Why Are There So Few Motorcycles With Automatic Gearboxes?

PH850806 • 25 July 2024

There is an assumption that anyone who is learning at a motorcycle driving school will be riding a bike with a manual gearbox.


This means that as part of their learning and development, they will not only have to learn the basic mechanics of riding and the rules of the road but also how to manage the unintuitive mechanics of a
clutch and sequential gearbox


This is also true with cars, but whilst a growing proportion of four-wheeled vehicles are either automatics or have no gearboxes at all due to the rise in electric vehicles, very few motorcycles are the same, which might be the result of one of the most ambitious failures in recent motorbike history.


In the late 2000s, the biggest motorcycle manufacturer in the world had a bold new idea to change the industry forever; Honda wanted to bring automatic gearboxes to two wheels.

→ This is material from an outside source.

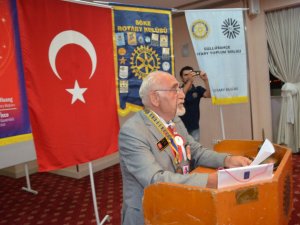 Söke Rotary Kulübü Tarım Fuarı'nda Kansere Dikkat Çekecek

Whilst Yamaha and Aprilla had automatic bikes as well, Honda had an ambitious plan.


Known as the
Human Friendly Transmission, Honda had developed a continuous variable transmission (CVT) system that used a novel hydrostatic drive rather than the belt-driven systems commonly associated with scooters.


This meant that they could develop a CVT system that could act like a manual gearbox, and to showcase the system in the best possible light Honda developed the
DN-01, which was a mix between a scooter, a cruiser and a sportbike.


It was positioned as a jack-of-all-trades, and like most bikes that try to do too much at once, it ended up being a master of none of them 


It was too heavy to be a sportbike, too uncomfortable for long rides to be a cruiser, and lacked the storage to be truly effective as a scooter, with a load capacity of just 147kg.


Whilst it could have potentially found a market in between the extremes, the asking price of over £10,000 was far too much to convince too many buyers and it was discontinued within two years.